▸ **WHAT YOU HAVE TO DO**
From the line containing "Faux Subway Wall" down to the final line of the entries below, return each line exactly and drop the pictures.

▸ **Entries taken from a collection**
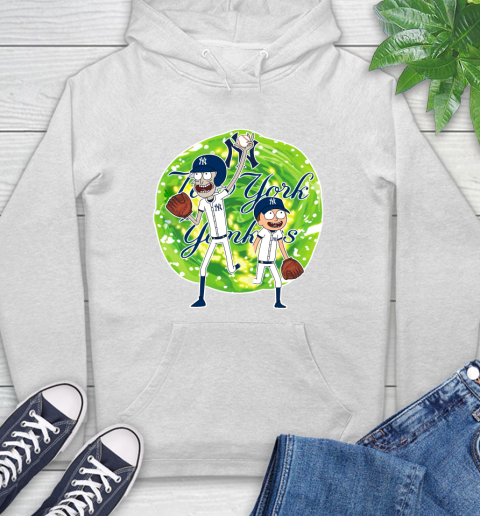 MLB New York Yankees Rick And Morty Baseball Sports Hoodie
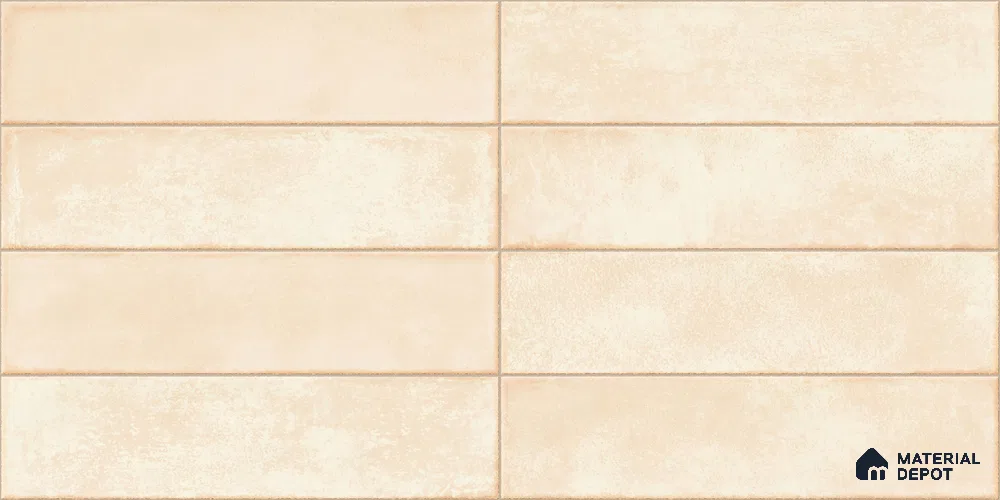 Faux Subway Wall Tile TL 11232 Ivory Drift 2 ft x 1 ft Ceramic Glossy Finish Tile - 9 mm | Suitable For Bathroom, Dining Area, Kitchen Backsplash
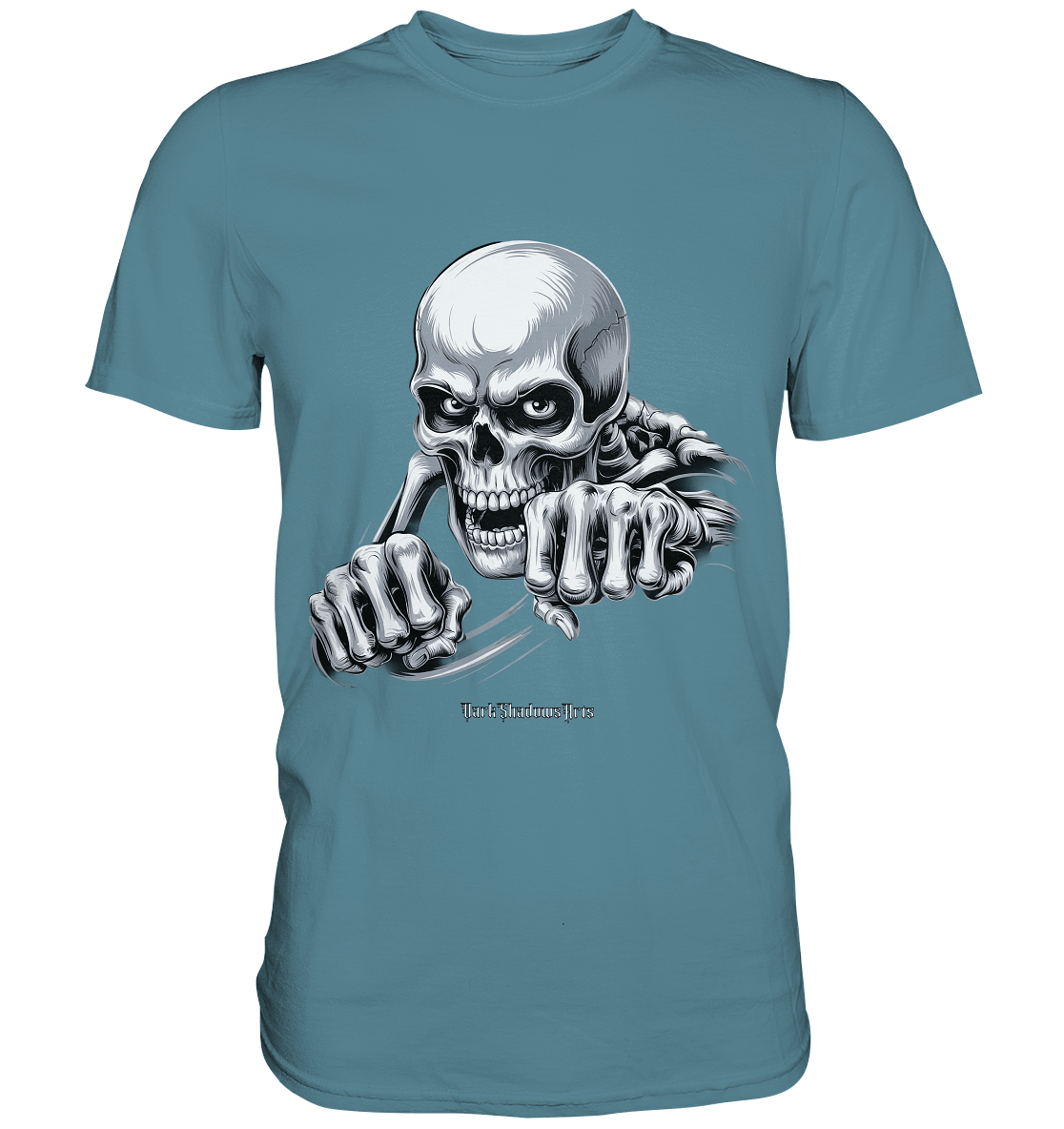 THE GRIP OF DEATH – Mystisches Schädel - Design mit intensiver Symbolik - Premium Shirt | Unisex - Shirts | Dark Shadows Arts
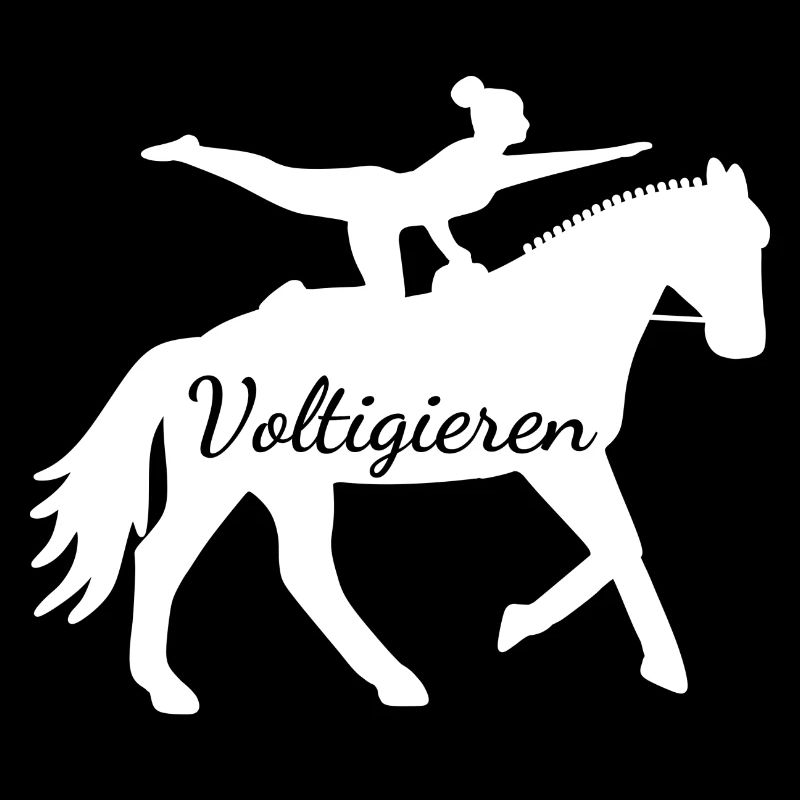 Cheval blanc avec sauteur - cheval de saut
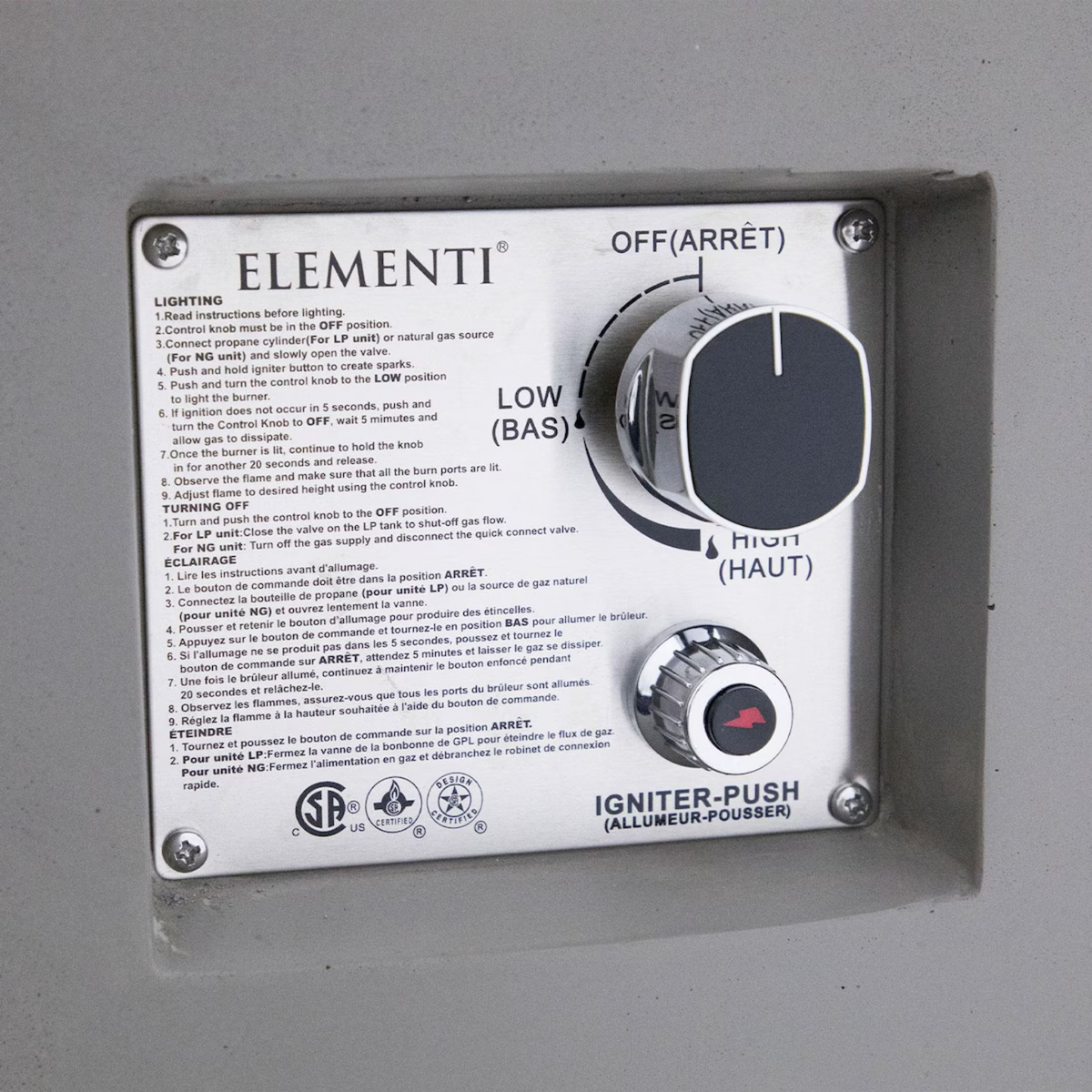 Elementi Plus Pacaya 43" Round Fire Table with Hidden Tank — Propane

▸ **OUTPUT BELOW**
 Faux Subway Wall Tile TL 11232 Ivory Drift 2 ft x 1 ft Ceramic Glossy Finish Tile - 9 mm | Suitable For Bathroom, Dining Area, Kitchen Backsplash
 THE GRIP OF DEATH – Mystisches Schädel - Design mit intensiver Symbolik - Premium Shirt | Unisex - Shirts | Dark Shadows Arts
 Cheval blanc avec sauteur - cheval de saut
 Elementi Plus Pacaya 43" Round Fire Table with Hidden Tank — Propane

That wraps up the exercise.